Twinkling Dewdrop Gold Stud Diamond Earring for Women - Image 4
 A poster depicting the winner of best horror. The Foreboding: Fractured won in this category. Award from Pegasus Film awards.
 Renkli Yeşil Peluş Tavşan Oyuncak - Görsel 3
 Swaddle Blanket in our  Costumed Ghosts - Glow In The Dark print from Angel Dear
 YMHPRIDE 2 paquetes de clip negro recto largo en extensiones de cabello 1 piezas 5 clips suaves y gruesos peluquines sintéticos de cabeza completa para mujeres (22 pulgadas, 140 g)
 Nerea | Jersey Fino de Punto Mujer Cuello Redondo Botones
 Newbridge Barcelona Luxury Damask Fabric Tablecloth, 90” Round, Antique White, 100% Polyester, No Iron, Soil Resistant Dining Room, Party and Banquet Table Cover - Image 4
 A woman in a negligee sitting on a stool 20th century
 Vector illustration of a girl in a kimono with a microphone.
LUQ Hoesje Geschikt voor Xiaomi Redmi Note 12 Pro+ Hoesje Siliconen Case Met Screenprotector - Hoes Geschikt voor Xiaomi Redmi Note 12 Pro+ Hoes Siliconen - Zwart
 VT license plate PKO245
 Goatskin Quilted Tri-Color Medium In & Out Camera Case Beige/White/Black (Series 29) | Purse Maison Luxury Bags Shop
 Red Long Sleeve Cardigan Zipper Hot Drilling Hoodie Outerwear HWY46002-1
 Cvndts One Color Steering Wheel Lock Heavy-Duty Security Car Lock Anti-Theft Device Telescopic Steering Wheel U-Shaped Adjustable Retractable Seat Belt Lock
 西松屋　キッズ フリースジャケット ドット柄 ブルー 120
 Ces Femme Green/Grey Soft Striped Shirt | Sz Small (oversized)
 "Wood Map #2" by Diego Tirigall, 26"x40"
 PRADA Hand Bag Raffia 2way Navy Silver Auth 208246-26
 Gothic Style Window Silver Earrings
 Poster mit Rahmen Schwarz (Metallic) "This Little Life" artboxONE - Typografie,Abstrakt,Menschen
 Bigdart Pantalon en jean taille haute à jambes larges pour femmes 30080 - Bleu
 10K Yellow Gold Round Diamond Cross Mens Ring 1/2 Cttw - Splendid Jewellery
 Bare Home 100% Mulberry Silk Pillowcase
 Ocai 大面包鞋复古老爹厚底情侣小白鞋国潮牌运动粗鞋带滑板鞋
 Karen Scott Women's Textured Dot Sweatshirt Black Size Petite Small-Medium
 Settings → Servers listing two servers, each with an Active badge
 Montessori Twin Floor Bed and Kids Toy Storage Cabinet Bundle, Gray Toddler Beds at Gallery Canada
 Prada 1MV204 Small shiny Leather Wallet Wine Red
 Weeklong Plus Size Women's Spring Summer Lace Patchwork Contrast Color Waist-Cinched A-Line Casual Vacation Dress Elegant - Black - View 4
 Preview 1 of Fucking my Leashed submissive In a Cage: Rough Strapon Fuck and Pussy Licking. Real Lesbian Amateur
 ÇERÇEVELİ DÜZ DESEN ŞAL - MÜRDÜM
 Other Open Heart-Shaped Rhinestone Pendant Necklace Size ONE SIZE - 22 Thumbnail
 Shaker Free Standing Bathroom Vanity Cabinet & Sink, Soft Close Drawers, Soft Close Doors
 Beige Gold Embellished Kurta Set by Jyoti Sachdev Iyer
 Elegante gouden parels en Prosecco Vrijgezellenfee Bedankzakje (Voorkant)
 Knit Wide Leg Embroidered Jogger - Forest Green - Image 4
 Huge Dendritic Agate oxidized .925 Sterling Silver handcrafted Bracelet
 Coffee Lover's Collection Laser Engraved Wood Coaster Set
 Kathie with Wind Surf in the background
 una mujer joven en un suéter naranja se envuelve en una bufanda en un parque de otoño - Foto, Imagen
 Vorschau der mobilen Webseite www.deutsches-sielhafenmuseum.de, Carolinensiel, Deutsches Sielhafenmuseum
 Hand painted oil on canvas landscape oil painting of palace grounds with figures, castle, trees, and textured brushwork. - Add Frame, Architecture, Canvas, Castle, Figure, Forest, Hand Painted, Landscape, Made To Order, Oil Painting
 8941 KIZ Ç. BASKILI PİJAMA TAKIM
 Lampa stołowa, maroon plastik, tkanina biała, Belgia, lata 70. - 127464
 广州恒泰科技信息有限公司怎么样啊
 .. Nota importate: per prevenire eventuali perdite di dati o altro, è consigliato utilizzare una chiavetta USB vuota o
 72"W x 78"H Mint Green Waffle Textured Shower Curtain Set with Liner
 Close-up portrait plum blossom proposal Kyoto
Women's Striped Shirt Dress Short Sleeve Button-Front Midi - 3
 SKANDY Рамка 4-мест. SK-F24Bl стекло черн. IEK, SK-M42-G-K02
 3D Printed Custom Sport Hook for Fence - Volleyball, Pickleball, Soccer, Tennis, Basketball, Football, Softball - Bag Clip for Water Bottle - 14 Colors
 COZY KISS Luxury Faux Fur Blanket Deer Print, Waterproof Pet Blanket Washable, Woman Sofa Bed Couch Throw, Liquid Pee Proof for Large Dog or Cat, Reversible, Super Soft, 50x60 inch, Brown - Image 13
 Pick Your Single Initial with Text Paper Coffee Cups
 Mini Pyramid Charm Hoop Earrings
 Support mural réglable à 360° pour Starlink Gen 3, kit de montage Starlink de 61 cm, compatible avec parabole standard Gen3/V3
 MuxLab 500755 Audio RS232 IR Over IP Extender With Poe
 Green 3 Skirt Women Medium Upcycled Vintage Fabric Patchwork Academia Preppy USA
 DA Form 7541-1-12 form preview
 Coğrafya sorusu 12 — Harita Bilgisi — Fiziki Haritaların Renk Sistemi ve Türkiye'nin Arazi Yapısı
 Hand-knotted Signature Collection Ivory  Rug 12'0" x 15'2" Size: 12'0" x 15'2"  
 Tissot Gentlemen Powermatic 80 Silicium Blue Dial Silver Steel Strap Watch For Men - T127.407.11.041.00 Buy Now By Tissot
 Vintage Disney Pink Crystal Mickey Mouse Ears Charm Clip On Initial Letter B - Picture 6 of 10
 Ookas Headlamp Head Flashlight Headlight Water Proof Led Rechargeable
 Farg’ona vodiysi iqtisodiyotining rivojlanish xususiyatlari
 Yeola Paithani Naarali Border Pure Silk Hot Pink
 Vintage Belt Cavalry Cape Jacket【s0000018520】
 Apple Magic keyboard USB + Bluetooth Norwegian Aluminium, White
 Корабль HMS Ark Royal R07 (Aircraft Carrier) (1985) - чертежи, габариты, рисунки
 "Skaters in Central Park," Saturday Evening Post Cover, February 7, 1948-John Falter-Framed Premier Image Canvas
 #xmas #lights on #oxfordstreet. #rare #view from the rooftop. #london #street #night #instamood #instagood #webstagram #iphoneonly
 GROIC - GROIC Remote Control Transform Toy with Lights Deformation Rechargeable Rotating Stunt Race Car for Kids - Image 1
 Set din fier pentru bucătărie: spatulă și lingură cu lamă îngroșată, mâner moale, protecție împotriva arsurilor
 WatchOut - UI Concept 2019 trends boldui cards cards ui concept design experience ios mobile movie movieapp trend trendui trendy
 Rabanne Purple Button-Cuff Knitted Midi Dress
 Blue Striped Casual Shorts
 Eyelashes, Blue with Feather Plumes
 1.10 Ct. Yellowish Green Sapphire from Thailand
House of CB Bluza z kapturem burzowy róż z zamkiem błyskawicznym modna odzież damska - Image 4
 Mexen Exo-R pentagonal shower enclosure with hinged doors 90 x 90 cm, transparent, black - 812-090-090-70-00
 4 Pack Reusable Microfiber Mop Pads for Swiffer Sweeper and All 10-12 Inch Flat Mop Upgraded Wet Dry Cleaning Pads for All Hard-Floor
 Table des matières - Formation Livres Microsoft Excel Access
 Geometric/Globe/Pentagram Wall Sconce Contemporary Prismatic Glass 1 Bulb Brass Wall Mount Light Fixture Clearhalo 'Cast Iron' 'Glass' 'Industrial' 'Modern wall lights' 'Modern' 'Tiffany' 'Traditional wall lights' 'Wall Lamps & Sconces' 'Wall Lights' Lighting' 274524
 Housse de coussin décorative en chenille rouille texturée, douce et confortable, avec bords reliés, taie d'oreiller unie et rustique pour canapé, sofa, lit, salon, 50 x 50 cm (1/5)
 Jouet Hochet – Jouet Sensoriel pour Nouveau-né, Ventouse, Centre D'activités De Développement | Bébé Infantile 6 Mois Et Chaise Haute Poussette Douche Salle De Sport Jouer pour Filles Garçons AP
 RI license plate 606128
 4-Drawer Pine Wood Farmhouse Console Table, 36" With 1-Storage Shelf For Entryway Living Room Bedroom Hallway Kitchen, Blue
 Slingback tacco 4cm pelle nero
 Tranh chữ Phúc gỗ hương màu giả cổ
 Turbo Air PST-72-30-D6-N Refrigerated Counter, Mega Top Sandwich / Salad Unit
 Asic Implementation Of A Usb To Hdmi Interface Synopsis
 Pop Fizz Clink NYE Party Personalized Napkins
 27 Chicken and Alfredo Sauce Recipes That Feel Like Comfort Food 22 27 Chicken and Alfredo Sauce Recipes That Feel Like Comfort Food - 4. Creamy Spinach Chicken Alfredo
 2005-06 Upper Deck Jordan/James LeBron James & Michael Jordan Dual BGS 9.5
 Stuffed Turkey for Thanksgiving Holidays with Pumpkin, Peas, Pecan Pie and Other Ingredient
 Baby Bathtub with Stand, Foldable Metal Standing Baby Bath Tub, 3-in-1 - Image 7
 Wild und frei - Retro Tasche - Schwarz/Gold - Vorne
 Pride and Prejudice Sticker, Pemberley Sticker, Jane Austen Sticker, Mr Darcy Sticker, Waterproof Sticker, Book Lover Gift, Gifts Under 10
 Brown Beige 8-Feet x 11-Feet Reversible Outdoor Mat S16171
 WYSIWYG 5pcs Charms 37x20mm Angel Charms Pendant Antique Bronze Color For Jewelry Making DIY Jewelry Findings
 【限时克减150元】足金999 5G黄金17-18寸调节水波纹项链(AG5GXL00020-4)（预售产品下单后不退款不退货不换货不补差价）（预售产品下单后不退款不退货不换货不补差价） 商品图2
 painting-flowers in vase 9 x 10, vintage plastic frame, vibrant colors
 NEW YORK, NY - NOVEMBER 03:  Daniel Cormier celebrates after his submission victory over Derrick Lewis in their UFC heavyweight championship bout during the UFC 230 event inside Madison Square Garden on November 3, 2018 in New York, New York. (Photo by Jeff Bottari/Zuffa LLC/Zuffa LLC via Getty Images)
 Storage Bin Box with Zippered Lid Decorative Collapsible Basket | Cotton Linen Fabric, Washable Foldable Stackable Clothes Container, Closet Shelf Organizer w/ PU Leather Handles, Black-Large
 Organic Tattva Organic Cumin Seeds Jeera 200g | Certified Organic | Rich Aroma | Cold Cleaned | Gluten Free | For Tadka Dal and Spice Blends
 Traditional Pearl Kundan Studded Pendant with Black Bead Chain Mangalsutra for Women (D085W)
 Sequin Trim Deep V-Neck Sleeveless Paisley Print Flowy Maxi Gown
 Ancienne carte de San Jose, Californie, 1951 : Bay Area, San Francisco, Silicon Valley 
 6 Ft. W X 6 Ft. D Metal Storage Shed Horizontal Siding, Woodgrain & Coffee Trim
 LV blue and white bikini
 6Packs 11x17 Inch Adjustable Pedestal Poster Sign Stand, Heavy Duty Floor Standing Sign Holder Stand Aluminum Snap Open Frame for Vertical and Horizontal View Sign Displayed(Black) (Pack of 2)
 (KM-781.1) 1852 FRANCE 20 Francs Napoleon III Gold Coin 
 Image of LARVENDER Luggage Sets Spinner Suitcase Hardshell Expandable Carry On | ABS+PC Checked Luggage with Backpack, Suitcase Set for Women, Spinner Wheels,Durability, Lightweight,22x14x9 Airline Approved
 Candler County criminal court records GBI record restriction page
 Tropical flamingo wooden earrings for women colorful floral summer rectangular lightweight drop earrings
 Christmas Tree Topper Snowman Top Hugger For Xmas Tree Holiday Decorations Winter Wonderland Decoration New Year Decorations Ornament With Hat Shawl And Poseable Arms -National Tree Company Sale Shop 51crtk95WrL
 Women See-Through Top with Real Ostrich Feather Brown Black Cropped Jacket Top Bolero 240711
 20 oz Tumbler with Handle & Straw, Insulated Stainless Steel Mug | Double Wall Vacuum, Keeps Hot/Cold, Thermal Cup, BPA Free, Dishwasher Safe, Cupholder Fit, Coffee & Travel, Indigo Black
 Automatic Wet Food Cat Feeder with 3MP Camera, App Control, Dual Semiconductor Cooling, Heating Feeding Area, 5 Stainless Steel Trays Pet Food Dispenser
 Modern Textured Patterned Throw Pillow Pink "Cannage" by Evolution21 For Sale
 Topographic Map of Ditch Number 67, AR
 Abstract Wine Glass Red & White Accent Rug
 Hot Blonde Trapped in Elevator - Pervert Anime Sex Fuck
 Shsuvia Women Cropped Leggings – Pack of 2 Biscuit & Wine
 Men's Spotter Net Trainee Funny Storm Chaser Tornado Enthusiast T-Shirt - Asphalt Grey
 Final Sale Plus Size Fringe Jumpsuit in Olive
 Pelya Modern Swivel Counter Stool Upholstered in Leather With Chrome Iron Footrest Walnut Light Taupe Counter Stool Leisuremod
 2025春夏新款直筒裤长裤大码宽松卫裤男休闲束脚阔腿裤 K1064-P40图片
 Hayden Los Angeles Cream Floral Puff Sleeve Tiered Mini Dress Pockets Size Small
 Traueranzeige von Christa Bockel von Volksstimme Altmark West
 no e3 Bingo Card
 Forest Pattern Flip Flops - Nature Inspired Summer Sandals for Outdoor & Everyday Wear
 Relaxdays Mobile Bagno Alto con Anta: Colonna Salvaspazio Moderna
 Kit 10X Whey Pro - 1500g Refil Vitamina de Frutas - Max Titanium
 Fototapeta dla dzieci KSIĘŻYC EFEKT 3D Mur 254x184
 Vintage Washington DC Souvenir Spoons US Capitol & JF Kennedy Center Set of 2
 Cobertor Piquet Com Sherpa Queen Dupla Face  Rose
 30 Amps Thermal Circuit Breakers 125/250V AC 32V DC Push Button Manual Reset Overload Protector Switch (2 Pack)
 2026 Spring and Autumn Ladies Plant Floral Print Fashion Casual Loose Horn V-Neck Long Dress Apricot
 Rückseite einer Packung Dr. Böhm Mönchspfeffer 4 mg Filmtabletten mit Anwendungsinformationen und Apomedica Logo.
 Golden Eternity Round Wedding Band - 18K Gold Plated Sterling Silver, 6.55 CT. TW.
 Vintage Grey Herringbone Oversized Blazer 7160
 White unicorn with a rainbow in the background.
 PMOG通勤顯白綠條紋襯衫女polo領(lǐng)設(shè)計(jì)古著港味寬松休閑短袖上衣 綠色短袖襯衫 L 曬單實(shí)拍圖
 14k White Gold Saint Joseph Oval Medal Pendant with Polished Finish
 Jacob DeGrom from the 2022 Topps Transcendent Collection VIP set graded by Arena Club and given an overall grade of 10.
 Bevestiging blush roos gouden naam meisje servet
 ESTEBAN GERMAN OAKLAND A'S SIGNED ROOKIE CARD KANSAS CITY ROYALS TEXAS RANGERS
-------
● **TASK DIRECTIONS**: Output only the lines from the one with "Vintage Grey Herringbone" through the last line of the entries above; please keep them exact.

● **TASK RESPONSE**:
 Vintage Grey Herringbone Oversized Blazer 7160
 White unicorn with a rainbow in the background.
 PMOG通勤顯白綠條紋襯衫女polo領(lǐng)設(shè)計(jì)古著港味寬松休閑短袖上衣 綠色短袖襯衫 L 曬單實(shí)拍圖
 14k White Gold Saint Joseph Oval Medal Pendant with Polished Finish
 Jacob DeGrom from the 2022 Topps Transcendent Collection VIP set graded by Arena Club and given an overall grade of 10.
 Bevestiging blush roos gouden naam meisje servet
 ESTEBAN GERMAN OAKLAND A'S SIGNED ROOKIE CARD KANSAS CITY ROYALS TEXAS RANGERS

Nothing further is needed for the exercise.